At Harvest Algoma, hundreds of thousands of pounds of donated food is handled annually and distributed to those in need throughout the Algoma District. But cataloguing it all involved hours of paperwork that took valuable time away from more pressing needs.
That all changed last year when the food resource centre partnered with Acorn Information Systems, a division of the Sault Ste. Marie Innovation Centre, to develop a new app that would digitize and streamline the inventory system.
The Harvest Food Hub app is a user-friendly solution that tracks food going in and out, manages staff and volunteer activity, and organizes data for easy reporting.
Harvest Algoma received a $100,000 grant from the Ontario Trillium Foundation to fund its development.
David Thompson, Harvest Algoma’s interim executive director and the director at the Rural Agri-Innovation Network, said they’ve noticed a measurable difference since the organization switched to a digital system.
“Some of the return on investment for us has been just that freed up staffing time that we had from the pen-and-paper (logs) over to this system,” he said during a Dec. 9 webinar introducing the tool.
“Also, the volunteers are able to have more areas that they can have a focus on, as opposed to just straight up administration.”
Established in 2017, Harvest Algoma was operated by the United Way of Sault Ste. Marie and Algoma until 2023, when the innovation centre took over.
The organization “rescues” food that is still good to eat but may not meet requirements for a retailer to sell it, in addition to partnering with Second Harvest, which sources and delivers truckloads of food items, Thompson said.
Harvest Algoma distributes those donations to food banks in Sault Ste. Marie and across the Algoma District, as far north as Wawa and east to Elliot Lake.
In total, Harvest Algoma annually rescues more than 550,000 pounds of food, which is distributed to about 60 partner agencies that pass it on to people in need.
On-site greenhouses grow additional food for distribution, and students often visit the site to learn about the process and help out.
What can’t be rescued is collected by the environmental awareness group Clean North, composted, and then distributed to local farms where food is grown and donated back to the food bank.
Harvest Algoma is doing important work. But with a small team of four employees and about 30 volunteers, every minute is precious, and logging all those transactions was soaking up a lot of time, Thompson said.
“We had logs of food that was coming in right from various sources that our drivers would be getting. We would have food coming in from our greenhouse that we were also tracking, and then we had pen-and-paper logs of working with those food banks and agencies that were serving their constituents and their clients with the food that we were bringing in,” Thompson said.

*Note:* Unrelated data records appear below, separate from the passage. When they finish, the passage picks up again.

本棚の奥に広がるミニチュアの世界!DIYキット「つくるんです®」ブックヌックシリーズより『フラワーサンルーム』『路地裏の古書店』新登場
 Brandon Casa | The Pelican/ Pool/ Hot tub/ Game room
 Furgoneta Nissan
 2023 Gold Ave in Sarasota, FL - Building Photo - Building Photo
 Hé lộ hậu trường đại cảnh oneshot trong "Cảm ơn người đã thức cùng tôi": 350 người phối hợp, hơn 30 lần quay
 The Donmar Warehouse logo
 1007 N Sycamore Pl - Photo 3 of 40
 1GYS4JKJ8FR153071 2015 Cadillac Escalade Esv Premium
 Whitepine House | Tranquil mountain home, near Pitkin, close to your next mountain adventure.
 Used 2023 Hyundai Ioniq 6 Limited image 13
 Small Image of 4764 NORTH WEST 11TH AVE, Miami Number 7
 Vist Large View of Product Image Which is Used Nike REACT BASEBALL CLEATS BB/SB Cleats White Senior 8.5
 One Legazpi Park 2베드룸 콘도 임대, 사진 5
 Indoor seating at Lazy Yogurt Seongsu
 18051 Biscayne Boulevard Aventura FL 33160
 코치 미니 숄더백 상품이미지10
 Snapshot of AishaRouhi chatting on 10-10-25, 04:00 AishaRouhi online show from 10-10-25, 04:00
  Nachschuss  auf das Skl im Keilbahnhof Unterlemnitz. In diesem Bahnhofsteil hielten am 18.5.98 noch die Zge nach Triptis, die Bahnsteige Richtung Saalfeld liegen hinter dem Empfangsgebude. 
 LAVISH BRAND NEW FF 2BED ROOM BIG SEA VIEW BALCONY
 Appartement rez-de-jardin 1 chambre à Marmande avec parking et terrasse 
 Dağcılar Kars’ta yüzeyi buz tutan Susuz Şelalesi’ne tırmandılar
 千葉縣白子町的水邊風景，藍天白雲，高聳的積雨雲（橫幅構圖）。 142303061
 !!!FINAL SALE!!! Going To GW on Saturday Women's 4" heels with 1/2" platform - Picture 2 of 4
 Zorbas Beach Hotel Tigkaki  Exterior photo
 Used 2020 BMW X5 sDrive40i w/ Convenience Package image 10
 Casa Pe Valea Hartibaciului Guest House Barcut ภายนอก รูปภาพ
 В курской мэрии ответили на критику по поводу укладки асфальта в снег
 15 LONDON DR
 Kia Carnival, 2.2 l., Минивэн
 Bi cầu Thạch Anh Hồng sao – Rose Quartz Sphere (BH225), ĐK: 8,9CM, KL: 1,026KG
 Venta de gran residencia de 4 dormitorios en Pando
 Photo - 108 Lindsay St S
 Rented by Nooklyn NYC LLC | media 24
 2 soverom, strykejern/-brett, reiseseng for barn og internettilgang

“So we had a lot of pen-and-paper logs, and that led to a lot of data entry.”
Thompson estimated it amounted to about 12,000 log entries, or 70 hours, a year, which is “a considerable amount of time,” he said, making it easy to fall months behind on reporting.
Enter Acorn Information Solutions, another division of the Sault innovation centre.
In operation since 1999, Acorn works with public and private sector clients to find digital solutions in the areas of software, data analysis and geographic information systems (GIS).
Shawn Croisier, the innovation centre’s vice-president of sales and operations, called Acorn a “catalyst for growth” within the province's information technology sector.
“These types of ideas where a local partner comes to us and builds technology is one of the main reasons why we exist,” Croisier said.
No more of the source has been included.